Com a defesa da liberdade como livre-arbítrio a partir da tradição cristã, particularmente, a liberdade deixa, por sua vez, é mitigada em seu valor de positividade e passa a ser vista mais de modo negativo. Antes de Nietzsche, e como professor dele, Schopenhauer já percebera a negatividade da liberdade no sentido do livre-arbítrio e a defenderá em seu texto O livre-arbítrio. Antes dele, também Agostinho expusera esta questão no sentido propriamente religioso, ainda que filosófico, mas é apenas em Schopenhauer que esta questão sai do âmbito da religiosidade, ainda que filosófica, para retomar sob um aspecto propriamente filosófico.

O fato de na obra de Schopenhauer a liberdade se defrontar diretamente com a necessidade já demonstra claramente que a liberdade tem um limite e que a questão da liberdade é a questão do livre-arbítrio, isto é, da decisão entre a liberdade e a necessidade. A liberdade, neste caso, não é algo imperativo, não é ela mesma uma necessidade. A necessidade foi dissociada dela na medida em que, acima da necessidade humana de liberdade, está a obediência a Deus, isto é, a liberdade no sentido religioso, o que será o grande dilema de todo o cristianismo no que diz respeito ao livre-arbítrio, na medida de se saber até que ponto a liberdade é permitida ou proibida.

Neste ponto, tornamos novamente a Platão e no sincretismo de Sócrates com Cristo produzido pelo cristianismo, ambos condenados, ambos mortos pelo que acreditavam, ambos vistos como "heróis", porém, aquele no sentido heroico grego de conquista da liberdade e este, porém, no sentido heroico de perda da liberdade, posto que se Cristo salva, todos devem contudo ser obedientes à sua religião para serem salvos. Cristo, neste sentido, difere de Sócrates que não prende ninguém nem tão pouco quer salvar ninguém como todo filósofo, e passa a ser a expressão de toda e qualquer lei, religiosa, moral ou política, a qual permite ou proíbe a liberdade por meio de um livre-arbítrio. O que a liberdade é vista de modo paradoxal em relação a isto, como observa muito bem Schopenhauer, pois a liberdade advinda do livre-arbítrio em relação à lei é tanto positiva como negativa, e, para ele, muito mais negativa diante de seu pessimismo.

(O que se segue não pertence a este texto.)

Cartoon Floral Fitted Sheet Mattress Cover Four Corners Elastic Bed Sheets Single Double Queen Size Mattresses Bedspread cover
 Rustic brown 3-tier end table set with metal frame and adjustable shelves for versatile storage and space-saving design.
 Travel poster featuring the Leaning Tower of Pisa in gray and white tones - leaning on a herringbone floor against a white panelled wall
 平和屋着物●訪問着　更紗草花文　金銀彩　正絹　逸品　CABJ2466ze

O que se coloca como lei à liberdade é propriamente a necessidade de se pôr um limite à liberdade, a necessidade da liberdade ser limitada, ou ainda, mais propriamente, a necessidade ela mesma como um limite à liberdade. Isto é, tudo aquilo que se colocara anteriormente como responsabilidade, respeito, obediência em relação a Deus é colocado como necessidade ou lei necessária a qual, caso não seja, colocada como limite à liberdade, coloca-se como culpa, a pena, a punição. A questão, todavia, é porque a liberdade é limitada, isto é, porque mesmo sendo tão necessária à lei, ela deve ser vista sempre com ressalva, porque tão positiva em tudo que ela permite, ela se torna tão negativa, enfim, porque ao mesmo tempo que ela é afirmada ela é negada.

...Eros: o mais belo entre Deuses imortais,
solta-membros dos Deuses todos e dos homens todos
ele doma no peito o espírito e a prudente vontade.
(Hesíodo, 1992, p. 111, vv. 120-22)
Ninguém expressou melhor a liberdade do que Hesíodo em sua Teogonia e ninguém depois dele deixou de perceber a necessidade e porque de um limite a ela.